Far from simply being put to work transcribing legal hearings and filling out documents, Leon was given a taste of what it’s like to be a real lawyer.
“Getting so much face-time with the solicitors to work on files in a really deep way was exciting and beneficial,” he says.
“Before the placement, the subjects I enjoyed most at uni were those technical, blackletter areas of law. So I thought, ‘Oh, I really want to help people and I love the community legal sector, but I also love those really technical areas of law. How do I balance this?’ When I discovered employment law, it was the perfect marriage of the two.”
Leon swiftly abandoned his property law dreams and ended up joining YWC as a placement coordinator. Nowadays, he is one of the organisation’s most valued solicitors, with a passion for securing the rights of young Victorian workers.
“That passion is fuelled by all the amazing and inspiring young workers who I come into contact with at YWC,” he says.
“There’s this broad perception that young people are disaffected or apathetic about their rights, but that couldn’t be further from the truth. Some of them have been through incredibly terrible experiences at work, and yet they come to us and say, ‘I just want to make sure that nobody else gets hurt like I did’.”
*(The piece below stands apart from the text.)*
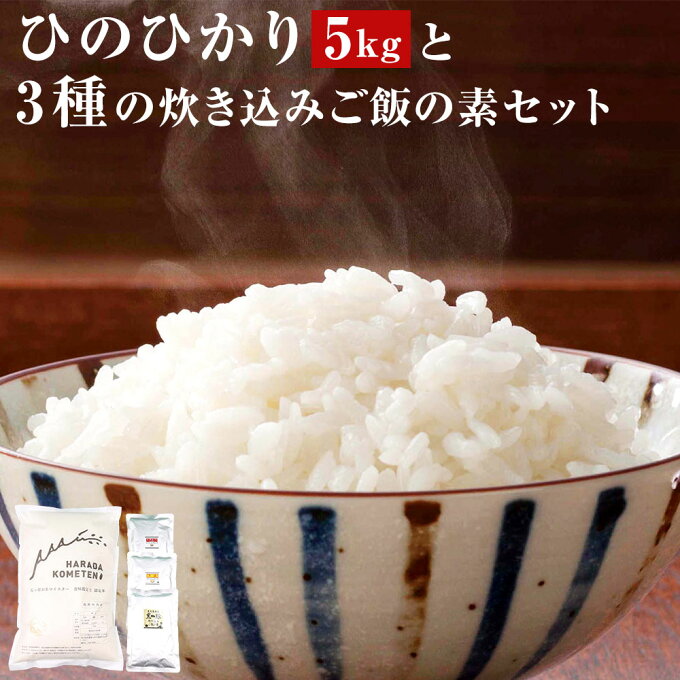 【ふるさと納税】鹿児島県産ひのひかり 5kg 3種の炊き込みご飯の素 A-461 薩...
Leon’s journey to studying law began when his life was at a crossroads of sorts. With a liberal arts degree under his belt, he worked in a range of office jobs but was unsure of his career direction.
“It was just after my daughter was born,” he recalls, “and from a work perspective, I really didn’t know what I wanted to do next. But I did know that I was interested in law and I wanted to do something useful.”
In 2013, Leon was part of the first cohort of students at ACU’s Thomas More Law School in Melbourne. He says he was attracted to the law school’s focus on standing up for people in need, and for issues that matter.
“I found that aspect of it quite appealing, the ethos behind the way the law school was being set up with a focus on social justice and giving back to the community,” he says.
ACU law undergraduates are required to complete at least 80 hours of pro bono service during their degree, and many of them opt to assist worthy causes.
Leon is thankful that the program led him to his placement at YWC, an experience that not only shifted his focus within the legal profession, but has also resulted in a long relationship with the organisation. He says that Young Workers Centre could not achieve its aims without student volunteers.
“We rely on our volunteers to do so much of the first-line client interviewing and drafting, so they’re absolutely crucial to the work we do in providing free advice and representation to young workers,” says Leon, who adds that ACU has contributed 46 student volunteers to YWC since 2016, more than any other Victorian law school.
“We also view it as an opportunity to guide these students and show them that they’re valuable members of the profession already, so when they go out and become lawyers after graduating, they can use their positions to make positive change.”
As for Leon, his outstanding performance as a student was recognised in 2018 when he receive the coveted Supreme Court Prize, which honours the top student at each of Victoria’s eight law schools.
He says his main goal in the profession is to stay true to his commitment to giving back.
“There are places for lawyers to help people everywhere – in unions, in firms, in not-for-profits – but for me, the community legal sector is where my heart belongs,” he says. “I want to keep helping people. I think everyone deserves high-quality legal assistance, and I want to do my best to keep providing that.”